Some critical information on the next earbuds appeared in a recently posted FCC filing from Sony that uses the hardware identification number “YY2963” — just a few numbers away from the Sony WF-1000XM4 that used the name “YY2948” when it launched in 2021.
The filing, first spotted by The Walkman Blog, tells us how soon Sony’s likely to announce the earbuds — August 22 at the latest — and lists that the earbuds will use the latest Bluetooth standard, Bluetooth 5.3.
The Walkman Blog also notes that the new earbuds will also use touch-capacitive controls on each bud just like the WF-1000XM4 and a battery voltage of 3.85V. Unfortunately, the filing doesn’t specify battery life, but it’s likely to be around the WF-1000XM4’s eight hours per charge with 16 more hours of juice in the case.
Another award-winning pair of Sony headphones?
This isn’t the first time Sony had its unveiling plans foiled by an FCC filing. In fact, it happens pretty much every year like clockwork.

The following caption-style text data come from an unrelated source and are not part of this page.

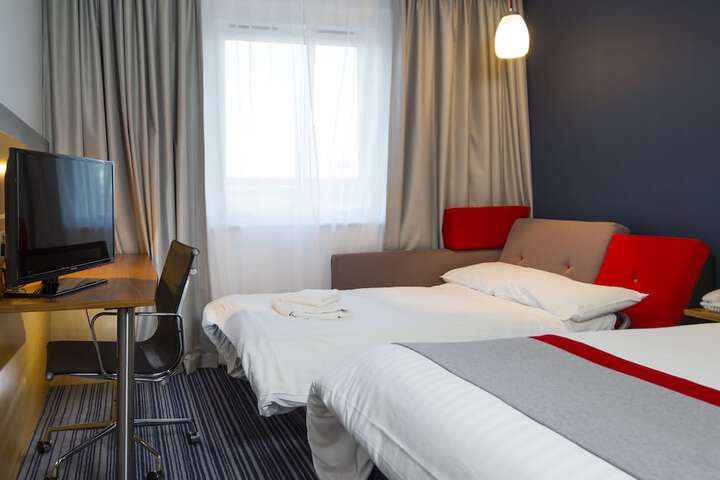Room 40 of 136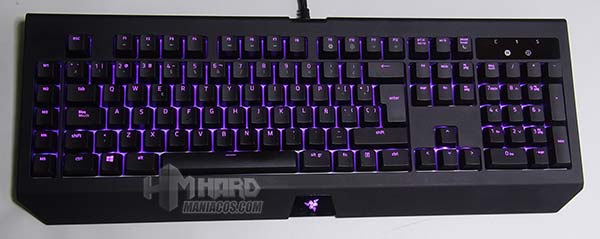 iluminación teclado razer blackwidow chroma v2 lila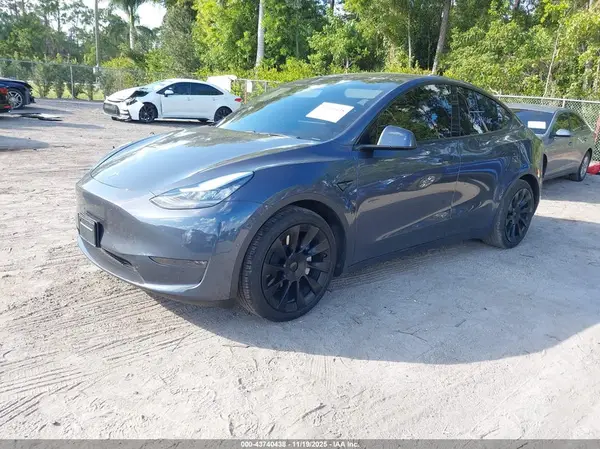 5YJYGDEE8LF045784 2020 TESLA MODEL Y - Image 2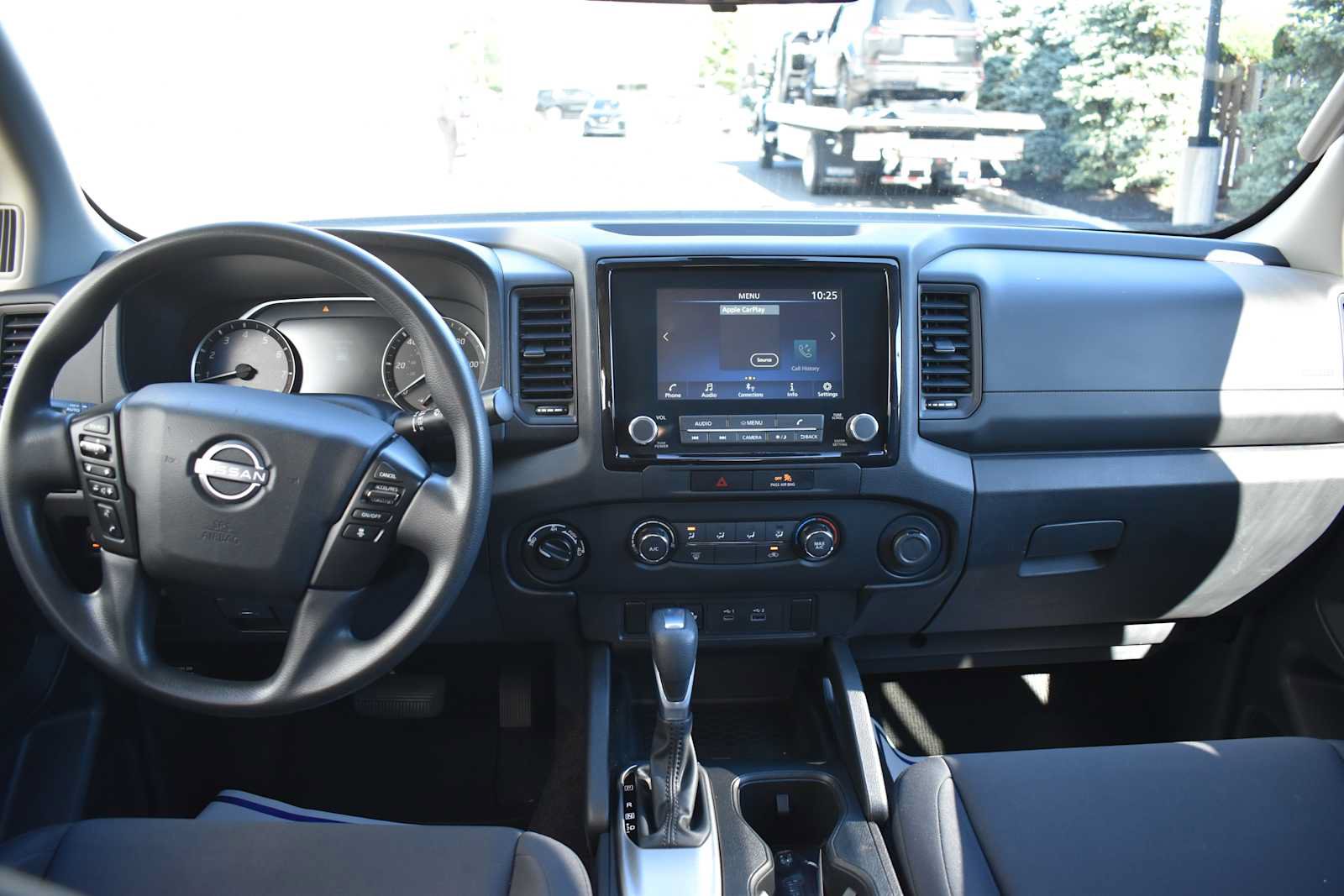 Used 2022 Nissan Frontier S w/ Technology Package AWD/4WD image 16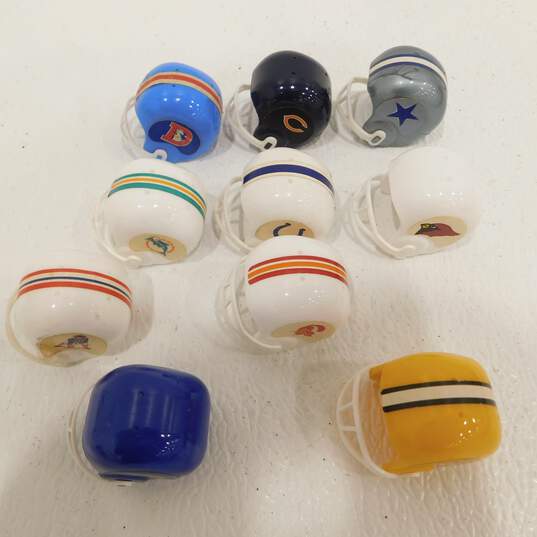 Lot Of 10 NFL Micro Mini Football Helmets Assorted Vending Gumball image number 1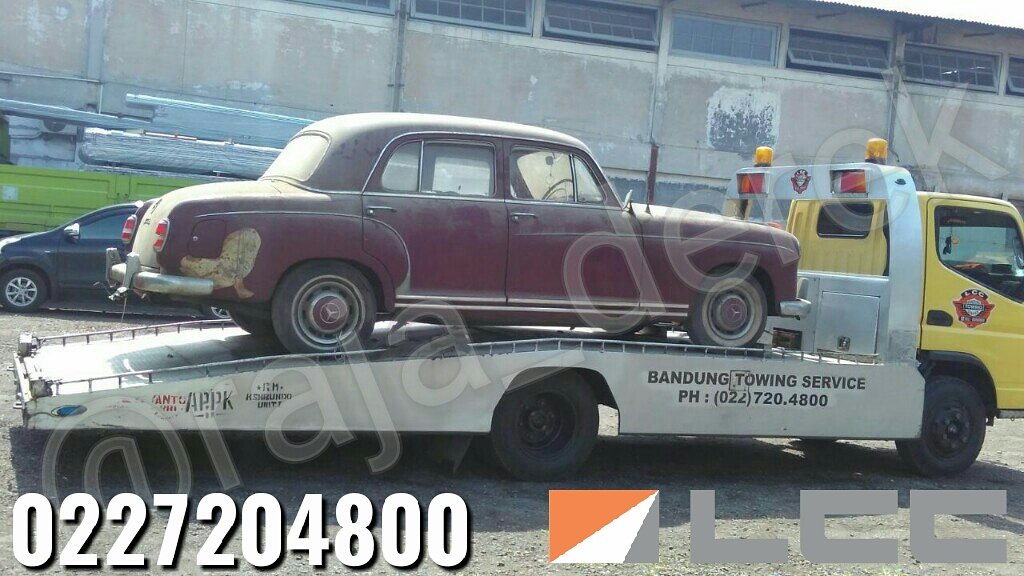 RajaDerek's tweet photo. #derekbandung #towingbandung
#derekmobil #derekmobil24jam
#derekmobilbandung #derekmurah  #InfoBandung https://t.co/PN4pKH1C94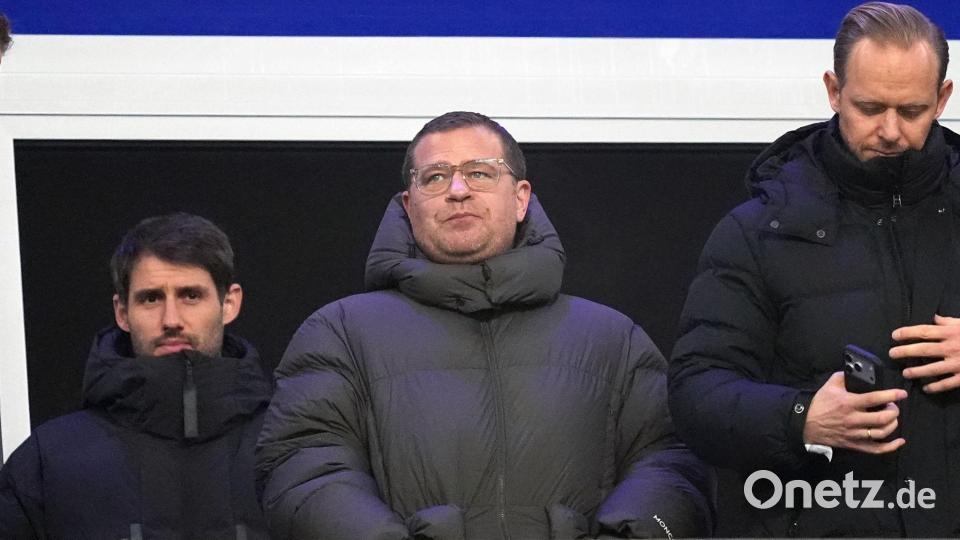 Max Eberl, Sportvorstand des FC Bayern München, steht vor dem Spiel beim Hamburger SV auf der Tribüne. Bild: Marcus Brandt/dpa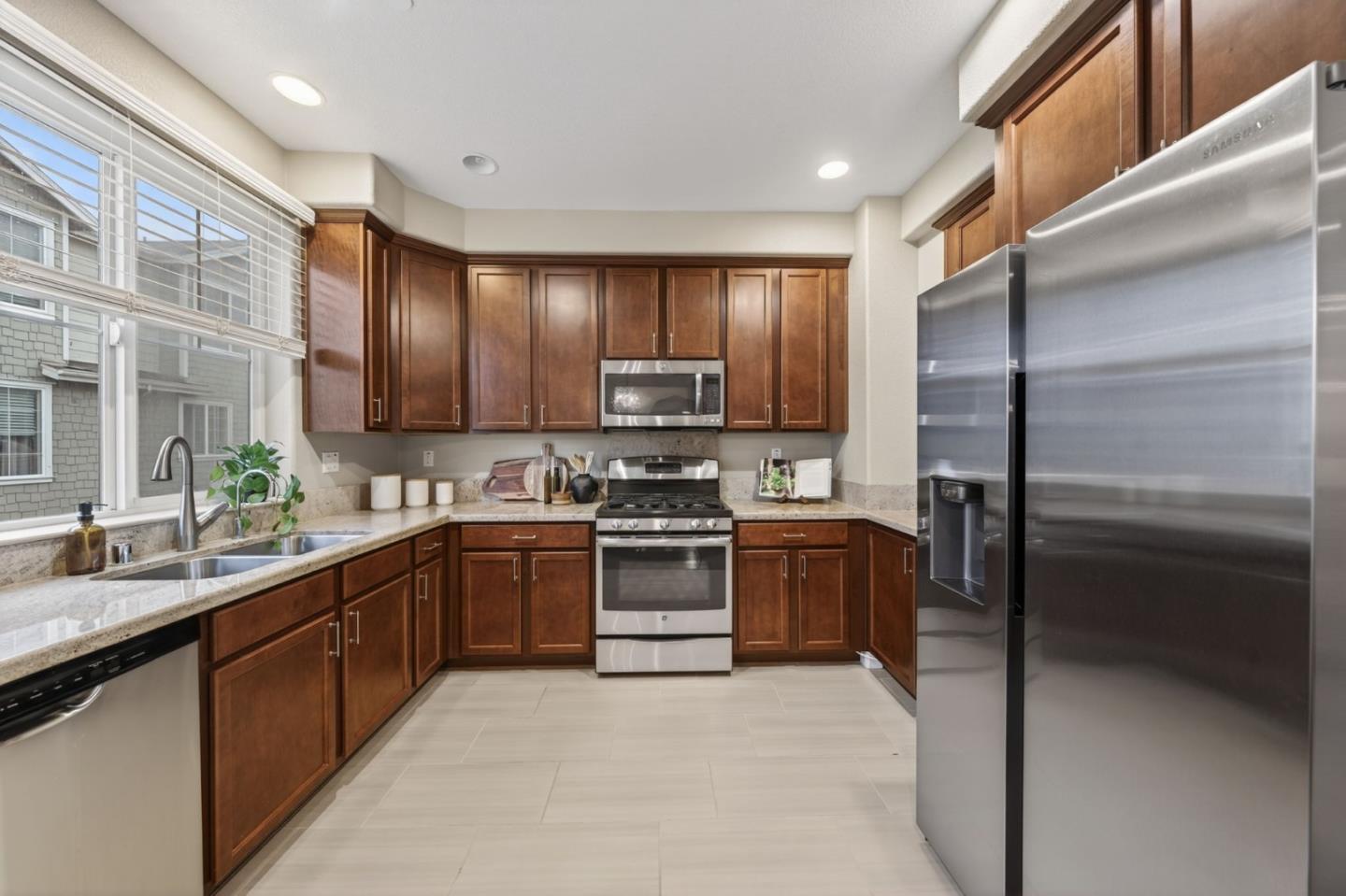 Detail Gallery Image 14 of 44 For 18540 Garnet Ln, Morgan Hill,  CA 95037 - 3 Beds | 3 Baths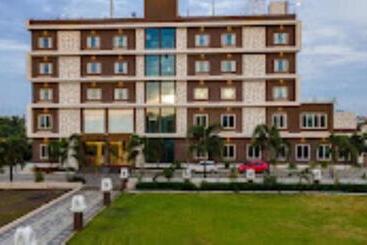 호텔 Royal Rasraj , Dhule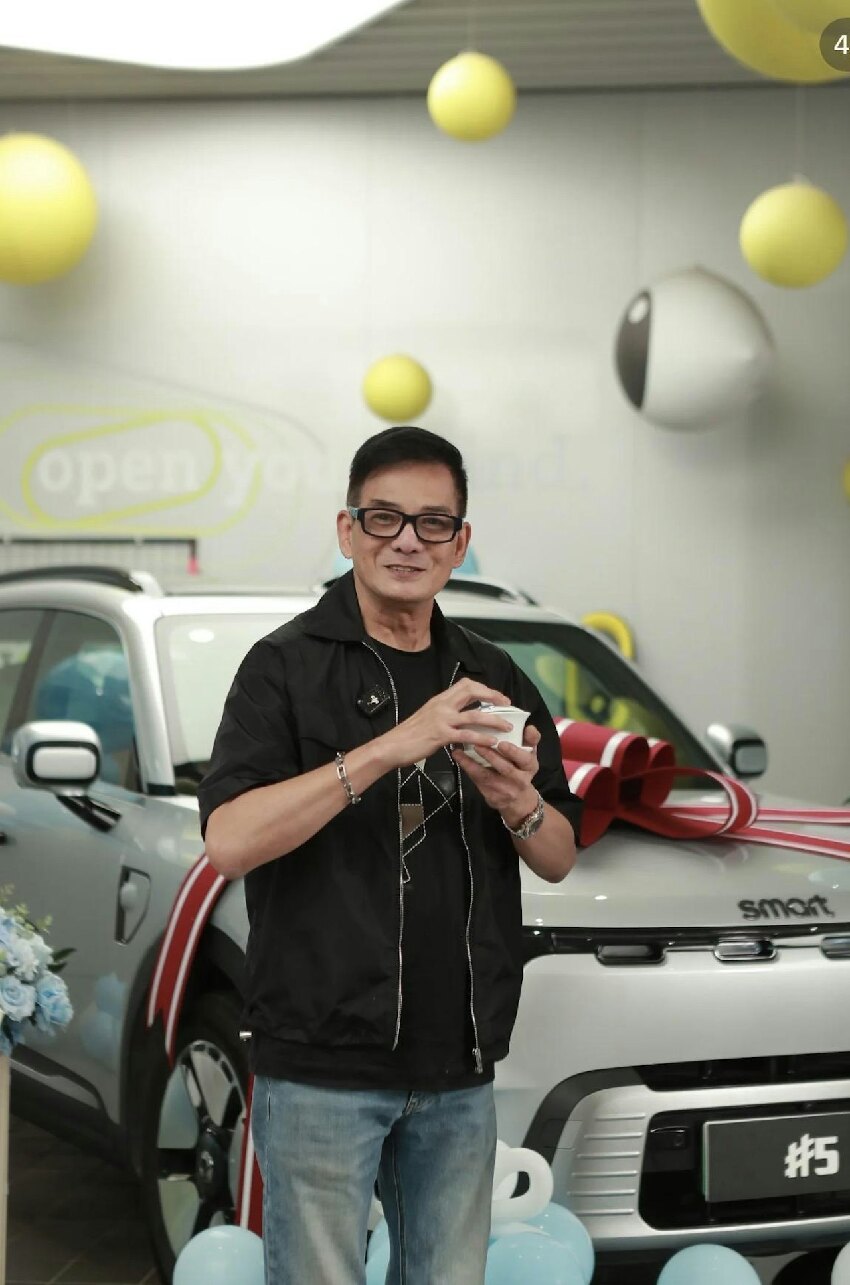 72歲TVB綠葉在成都提新車，自曝已在當地買房，每年旅居住三個月
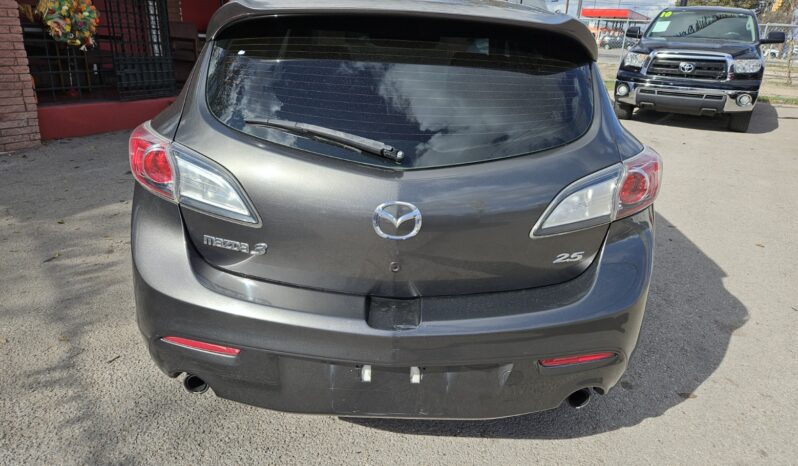 
								2011 MAZDA3 full									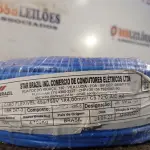 LOTE 160 - 01 ROLO DE CABO FLEXÍVEL 100M 1X4MM NA COR AZUL(NOVO). (NO ESTADO) ATENÇÃO! FAZER A VISITAÇÃO ANTES DE ARREMATAR, NÃO SABEMOS SE FUNCIONA. LEILÃO NÃO TEM GARANTIA E NEM DEVOLUÇÃO, SUJEITO A POSSÍVEIS AVARIAS VISÍVEIS/OCULTAS E/OU AUSÊNCIA DE COMPONENTES.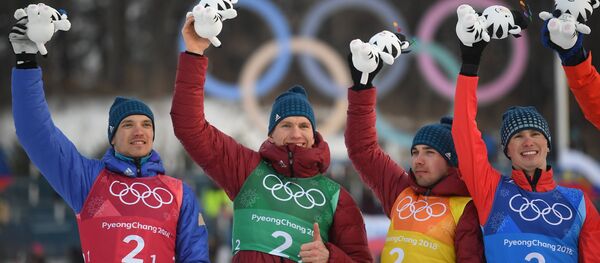 Alexander Bolchounov, Denis Spitsov, Andreï Larkov et Alexeï Tchervotkine Alexander Bolchounov, Denis Spitsov, Andreï Larkov et Alexeï Tchervotkine - Sputnik Afrique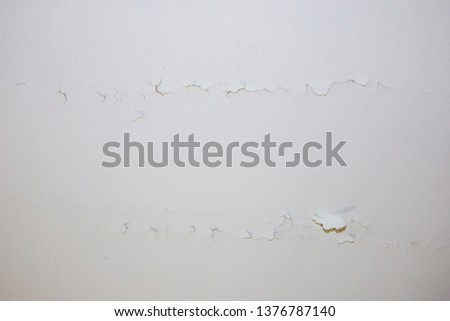 The white wall is cracked color caused by moisture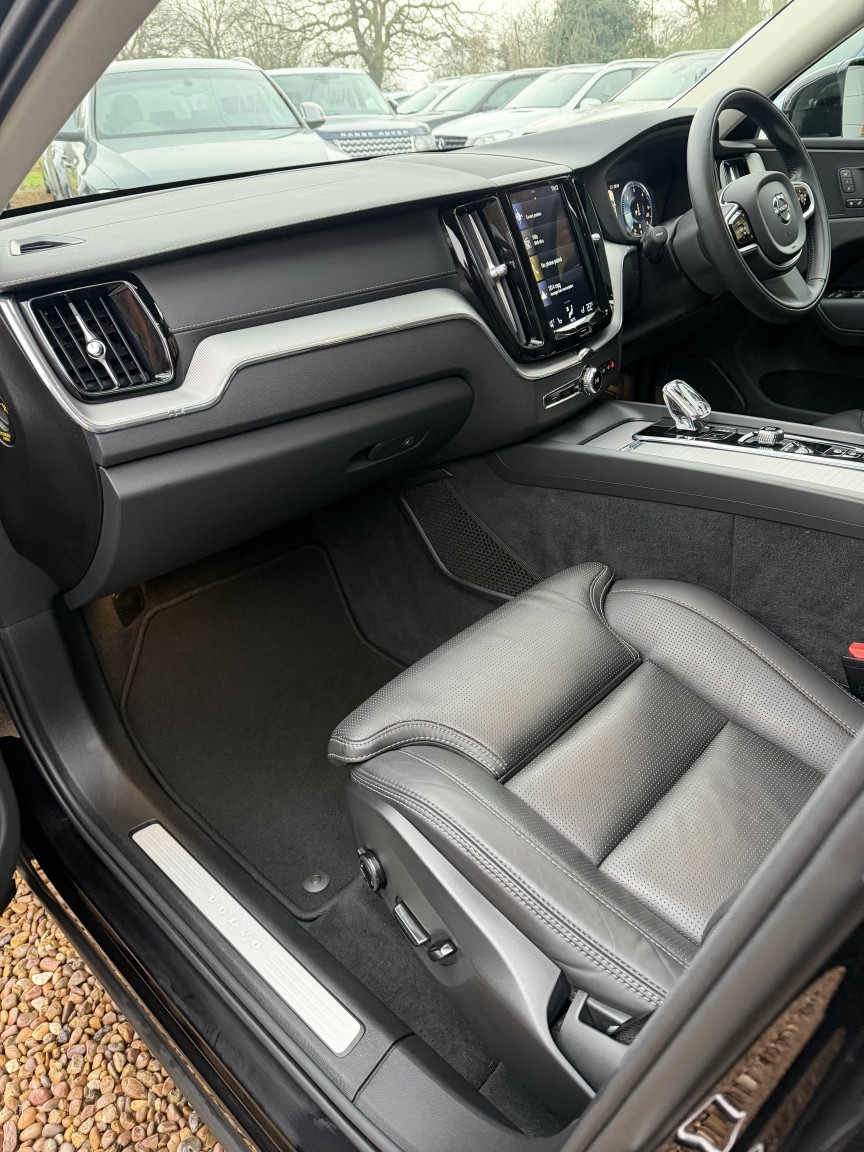 Used Volvo XC60 2020 for sale - 77329149: Photo 14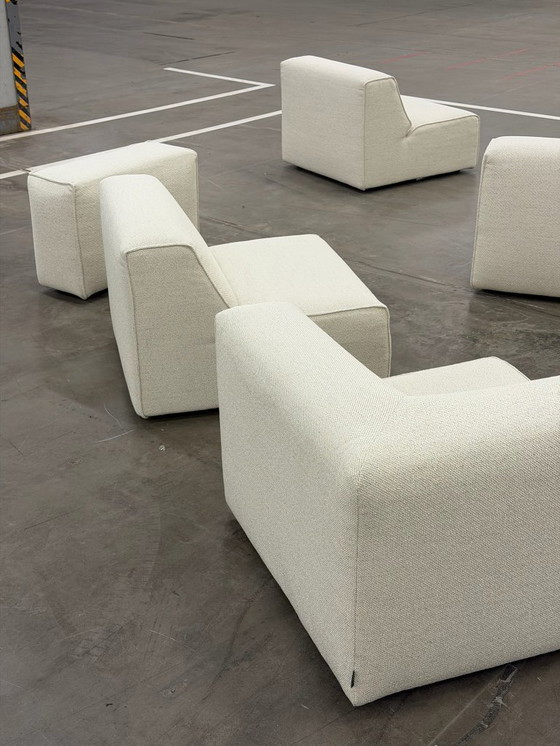 Image 1 of Linteloo Matu | Modular sofa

At this point, you could probably predict when the Sony WH-1000XM6 and Sony WF-1000XM6 just based on when previous models were released.
What we’ll have to wait for, sadly, is more information around the earbuds’ specs — specifically how long their battery will last, what wireless codecs they support and, most importantly, how Sony has improved the sound since the WF-1000XM4.
Since the Sony WF-1000XM4 came out in 2021, we've seen the Apple AirPods Pro 2 that pose a real threat to Sony's dominance. It'd be great to see Sony's new earbuds pull a few tricks from Apple's playbook by implementing spatial audio anytime the earbuds are on, rather than only during Sony 360 Audio tracks.
Thankfully, based on the date listed in the filing we won’t have long to wait for them— and you can bet we’ll be covering them when Sony lifts the curtain.